Pipeline executions are observing degraded performance

Incident Report for Harness

Postmortem

Summary

On Wednesday, September 10, 2025, between 8:58 AM and 9:49 AM PST, customers experienced slower pipeline runs in the Prod2 cluster. Pipelines that started during this time took longer than usual to finish. All pipelines eventually completed, and no other parts of the product or service were affected.

Root Cause

During this period, there was a sudden and a sharp increase in the number of pipeline runs. This extra load slowed down the database, which in turn made the backend services slower. As a result, customers saw delays in their pipeline executions.

Impact

Pipelines that were started during the incident window ran slower than normal.
Individual stages and steps also took longer to begin, and this delay was visible in the Harness UI.

‌

Remediation

Immediate: Scaled database server to handle increased load

‌

Action Items

Optimize Expression Engine to reduce database usage so that our Databases have more headroom and can handle spikes
Optimize the recovery time by identifying the issue early and do preventive scale ups

Posted Sep 14, 2025 - 17:29 PDT

Resolved

This incident has been resolved.

Posted Sep 10, 2025 - 14:37 PDT

Update

We have identified and mitigated the issue, and are currently monitoring.

Posted Sep 10, 2025 - 09:47 PDT

Monitoring

A fix has been implemented and we are monitoring the results.

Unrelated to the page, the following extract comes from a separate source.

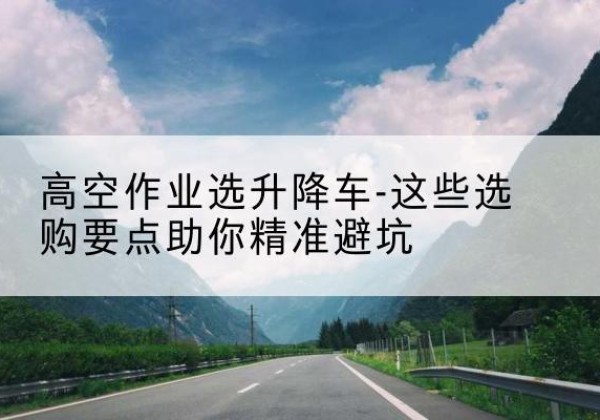贵南升降车厂家-高空作业选升降车-这些选购要点助你*避坑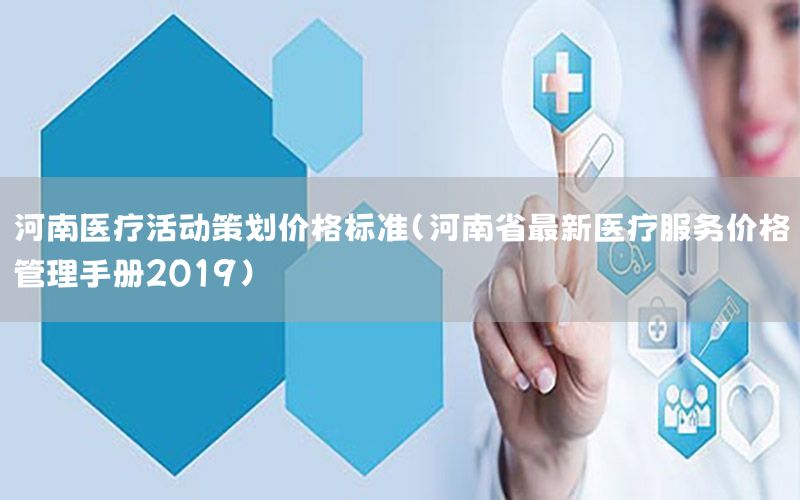 河南医疗活动策划价格标准（河南省最新医疗服务价格管理手册2019）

Posted Sep 10, 2025 - 09:46 PDT

This incident affected: Prod 2 (Continuous Delivery - Next Generation (CDNG), Continuous Integration Enterprise(CIE) - Self Hosted Runners, Continuous Integration Enterprise(CIE) - Mac Cloud Builds, Continuous Integration Enterprise(CIE) - Windows Cloud Builds, Continuous Integration Enterprise(CIE) - Linux Cloud Builds, Security Testing Orchestration (STO), Infrastructure as Code Management (IaCM)).